Mid-June Vitals

[Several updates through July 1 continue after the charts] Below are five very broad indictors that I revisit every four to five weeks. Consider these outcomes in the context of other more comprehensive and detailed measures, such as the Supply Chain Stability Index, the Logistics Managers Index (see first chart below), and the Global Supply Chain Pressure Index.

North American Agricultural Production: I have been worried by early signals of sustained drought across much of the mid-continent. But so far, USDA and others are encouraging (at least in terms of volumes, if not prices). The World Agricultural Supply and Demand Estimates (WASDE) continue to anticipate good harvests. According to the June 9 update, “The outlook for 2023/24 U.S. wheat this month is for larger supplies, unchanged domestic use and exports, and higher stocks. Supplies are raised as all wheat production is projected at 1,665 million bushels, up 6 million from last month…” Corn projections also look good. US livestock and dairy production is mostly fluctuating in response to demand. Fresh produce prices have fallen and supplies are abundant (more). Global food prices are also softened. A wide range of indicators suggest, however, that SNAP beneficiaries are struggling to adapt to the loss of pandemic supplements (here and here and here).

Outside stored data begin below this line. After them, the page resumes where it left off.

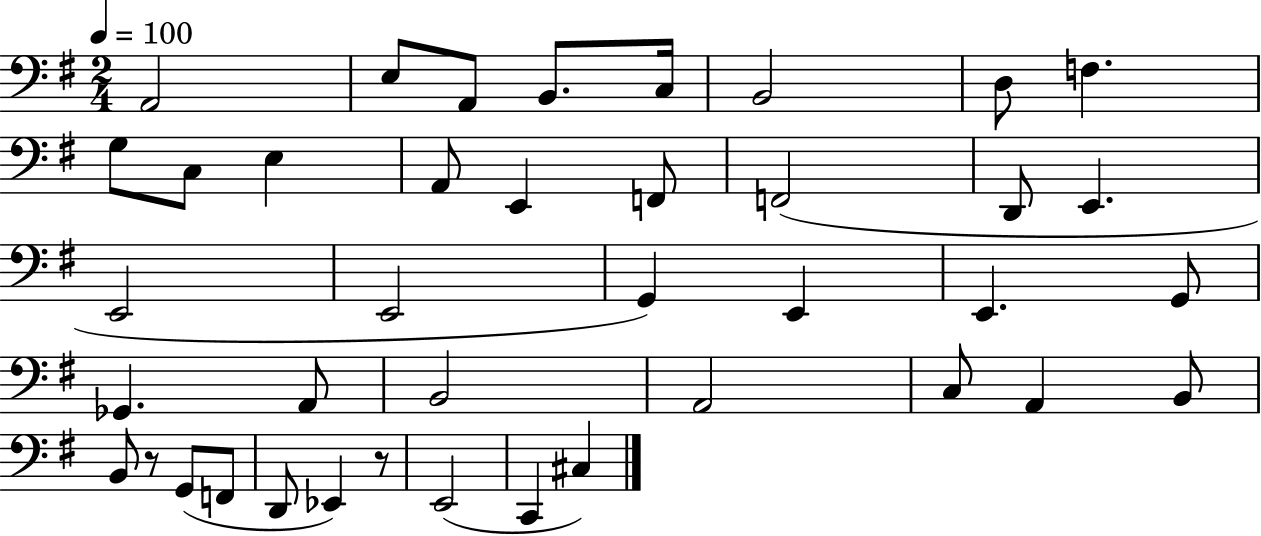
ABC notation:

X:1
T:Untitled
M:2/4
L:1/4
K:G
A,,2 E,/2 A,,/2 B,,/2 C,/4 B,,2 D,/2 F, G,/2 C,/2 E, A,,/2 E,, F,,/2 F,,2 D,,/2 E,, E,,2 E,,2 G,, E,, E,, G,,/2 _G,, A,,/2 B,,2 A,,2 C,/2 A,, B,,/2 B,,/2 z/2 G,,/2 F,,/2 D,,/2 _E,, z/2 E,,2 C,, ^C,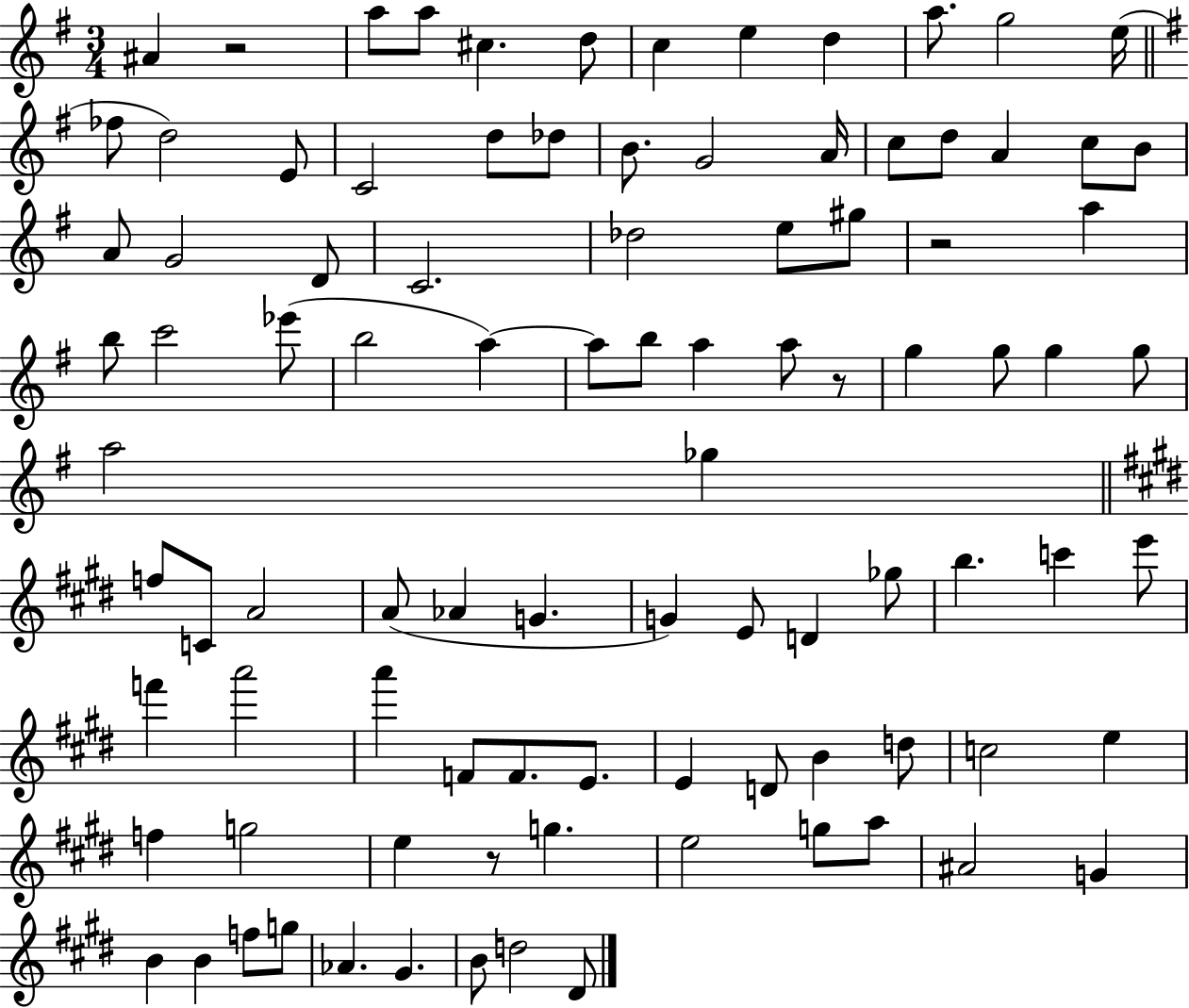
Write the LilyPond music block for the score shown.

{
  \clef treble
  \numericTimeSignature
  \time 3/4
  \key g \major
  \repeat volta 2 { ais'4 r2 | a''8 a''8 cis''4. d''8 | c''4 e''4 d''4 | a''8. g''2 e''16( | \break \bar "||" \break \key g \major fes''8 d''2) e'8 | c'2 d''8 des''8 | b'8. g'2 a'16 | c''8 d''8 a'4 c''8 b'8 | \break a'8 g'2 d'8 | c'2. | des''2 e''8 gis''8 | r2 a''4 | \break b''8 c'''2 ees'''8( | b''2 a''4~~) | a''8 b''8 a''4 a''8 r8 | g''4 g''8 g''4 g''8 | \break a''2 ges''4 | \bar "||" \break \key e \major f''8 c'8 a'2 | a'8( aes'4 g'4. | g'4) e'8 d'4 ges''8 | b''4. c'''4 e'''8 | \break f'''4 a'''2 | a'''4 f'8 f'8. e'8. | e'4 d'8 b'4 d''8 | c''2 e''4 | \break f''4 g''2 | e''4 r8 g''4. | e''2 g''8 a''8 | ais'2 g'4 | \break b'4 b'4 f''8 g''8 | aes'4. gis'4. | b'8 d''2 dis'8 | } \bar "|."
}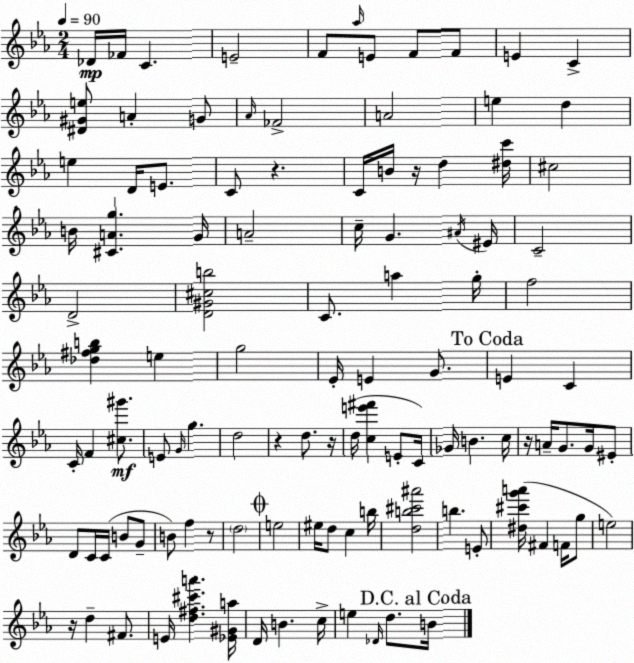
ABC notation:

X:1
T:Untitled
M:2/4
L:1/4
K:Eb
_D/4 _F/4 C E2 F/2 _a/4 E/2 F/2 F/2 E C [^D^Ge]/2 A G/2 _A/4 _F2 A2 e d e D/4 E/2 C/2 z C/4 B/4 z/4 d [^dc']/4 ^c2 B/4 [^CAg] G/4 A2 c/4 G ^A/4 ^E/4 C2 D2 [D^G^cb]2 C/2 a g/4 f2 [_d^fgb] e g2 _E/4 E G/2 E C C/4 F [^c^g']/2 E/2 G/4 g d2 z d/2 z/4 d/4 [ce'^f'] E/2 C/4 _G/4 B c/4 z/4 A/4 G/2 G/4 ^E/2 D/2 C/4 C/4 B/2 G/2 B/2 f z/2 d2 e2 ^e/4 d/2 c b/4 [db^c'^a']2 b E/2 [^d^c'g'a']/4 ^F F/4 g/2 e2 z/4 d ^F/2 E/4 [d^f^c'a'] [_E^Ga]/4 D/4 B c/4 e _D/4 d/2 B/4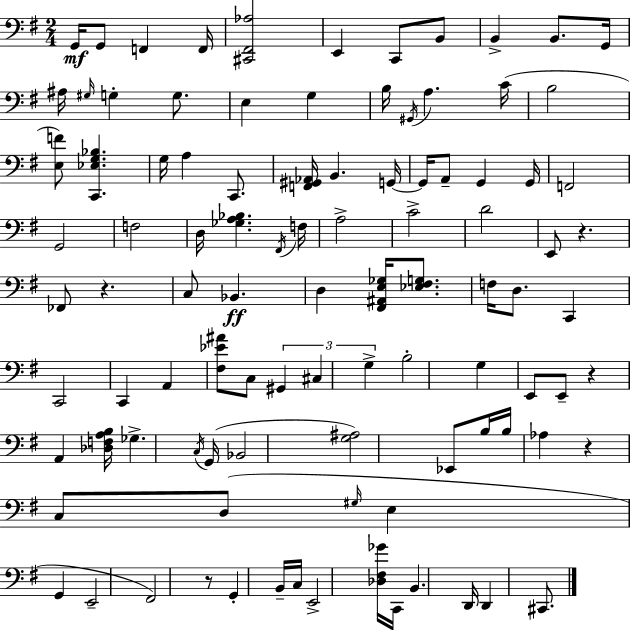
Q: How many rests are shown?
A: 5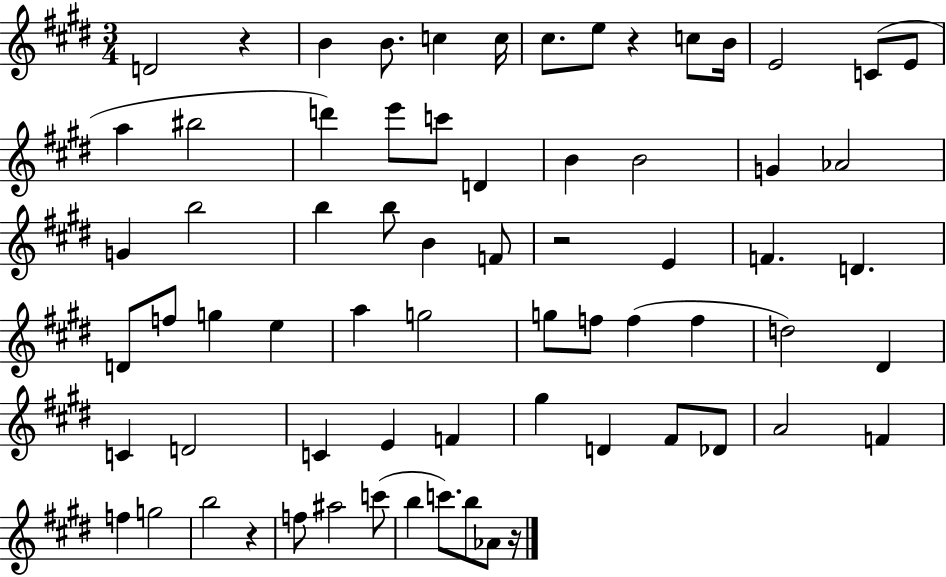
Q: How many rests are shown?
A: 5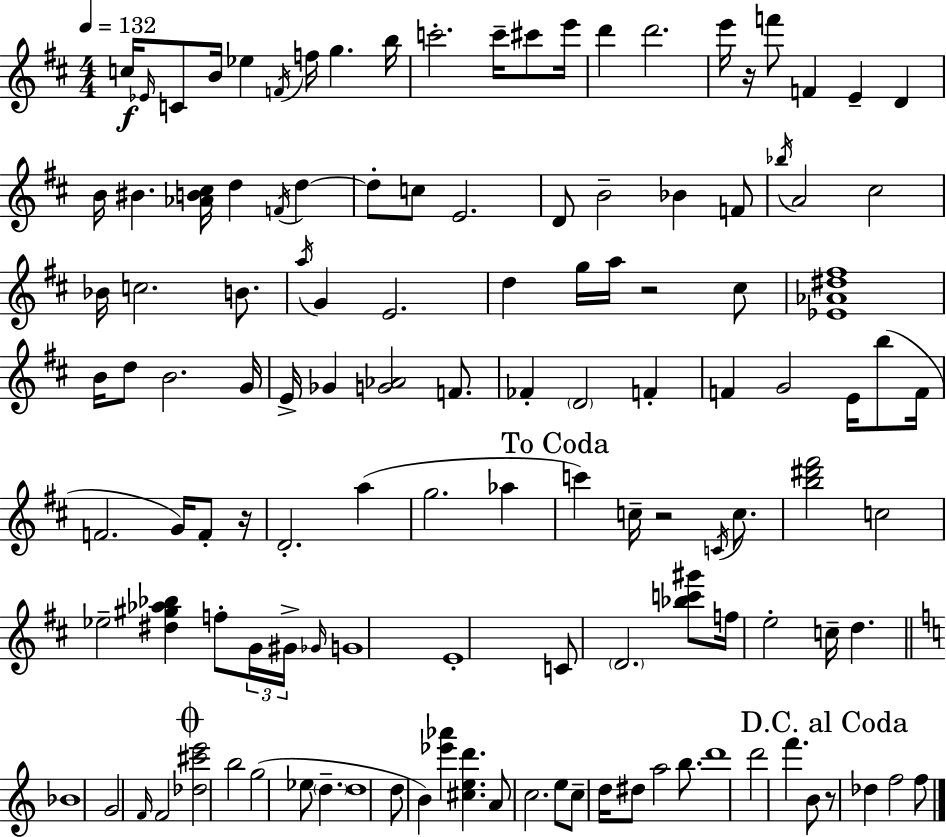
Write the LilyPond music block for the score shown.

{
  \clef treble
  \numericTimeSignature
  \time 4/4
  \key d \major
  \tempo 4 = 132
  c''16\f \grace { ees'16 } c'8 b'16 ees''4 \acciaccatura { f'16 } f''16 g''4. | b''16 c'''2.-. c'''16-- cis'''8 | e'''16 d'''4 d'''2. | e'''16 r16 f'''8 f'4 e'4-- d'4 | \break b'16 bis'4. <aes' b' cis''>16 d''4 \acciaccatura { f'16 } d''4~~ | d''8-. c''8 e'2. | d'8 b'2-- bes'4 | f'8 \acciaccatura { bes''16 } a'2 cis''2 | \break bes'16 c''2. | b'8. \acciaccatura { a''16 } g'4 e'2. | d''4 g''16 a''16 r2 | cis''8 <ees' aes' dis'' fis''>1 | \break b'16 d''8 b'2. | g'16 e'16-> ges'4 <g' aes'>2 | f'8. fes'4-. \parenthesize d'2 | f'4-. f'4 g'2 | \break e'16 b''8( f'16 f'2. | g'16) f'8-. r16 d'2.-. | a''4( g''2. | aes''4 \mark "To Coda" c'''4) c''16-- r2 | \break \acciaccatura { c'16 } c''8. <b'' dis''' fis'''>2 c''2 | ees''2-- <dis'' gis'' aes'' bes''>4 | f''8-. \tuplet 3/2 { g'16 gis'16-> \grace { ges'16 } } g'1 | e'1-. | \break c'8 \parenthesize d'2. | <bes'' c''' gis'''>8 f''16 e''2-. | c''16-- d''4. \bar "||" \break \key c \major bes'1 | g'2 \grace { f'16 } f'2 | \mark \markup { \musicglyph "scripts.coda" } <des'' cis''' e'''>2 b''2 | g''2( ees''8 \parenthesize d''4.-- | \break d''1 | d''8 b'4) <ees''' aes'''>4 <cis'' e'' d'''>4. | a'8 c''2. e''8 | c''8-- d''16 dis''8 a''2 b''8. | \break d'''1 | d'''2 f'''4. b'8 | \mark "D.C. al Coda" r8 des''4 f''2 f''8 | \bar "|."
}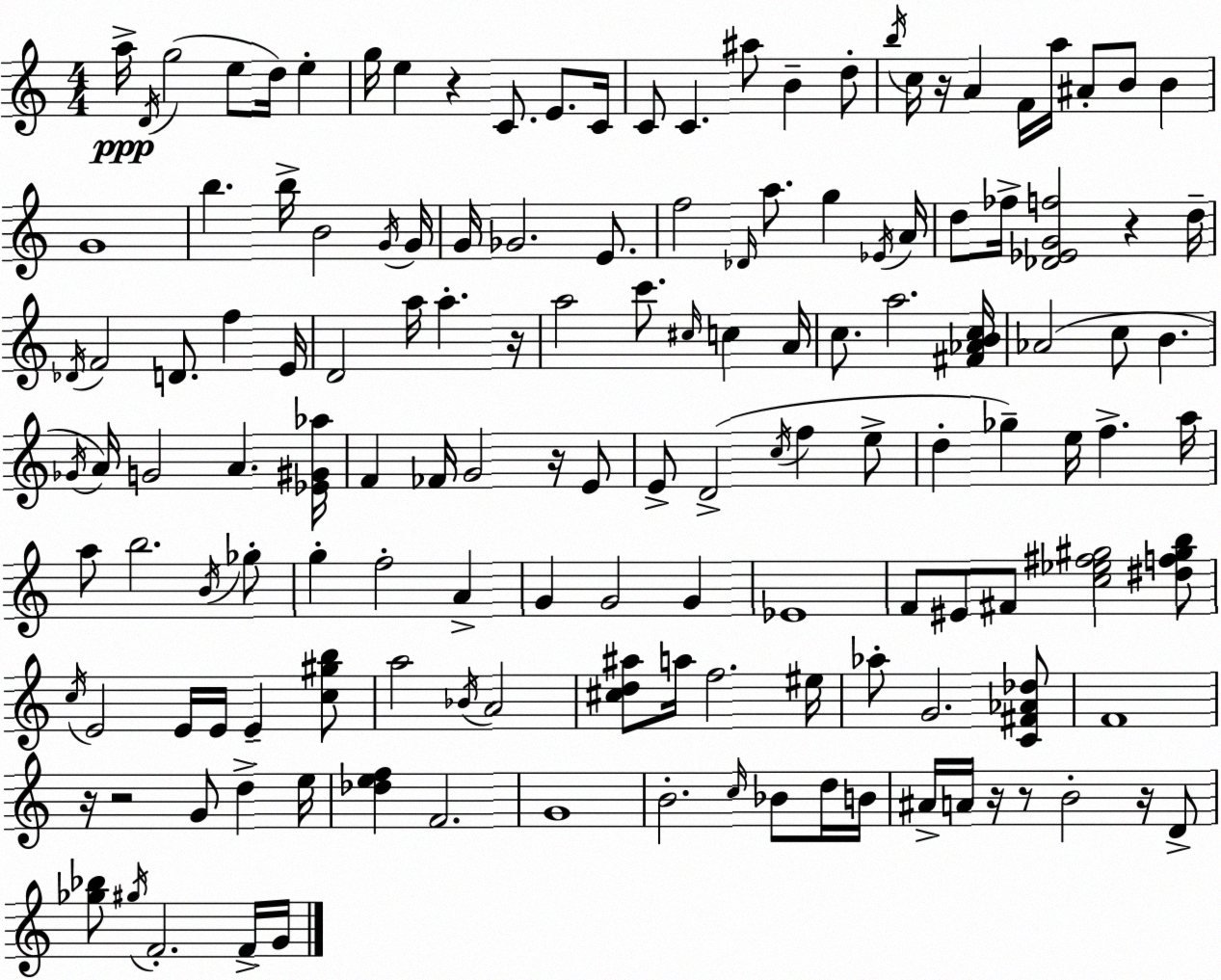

Global Natural Gas Demand and Supply: US natural gas inventories are comfortably within the five-year average range (more). EU natural gas storage facilities are over seventy percent full. Natural Gas prices have returned to pre-war levels and are toward the low end of pre-pandemic prices. According to Bloomberg, “Futures for December 2023 (EU benchmarks) are trading at a discount of about 8% to December 2024, according to ICE Endex data. That’s a reversal from January, when the nearest winter contract traded at a premium. The shift indicates Europe is relatively well-prepared for the coming heating season following a mild winter that allowed it to build up inventories with an influx of liquefied natural gas. But the coming years are more uncertain, as the region adjusts to a new reality with scant help from former top supplier Russia.” Asian demand for LNG has been insufficient to push up global prices.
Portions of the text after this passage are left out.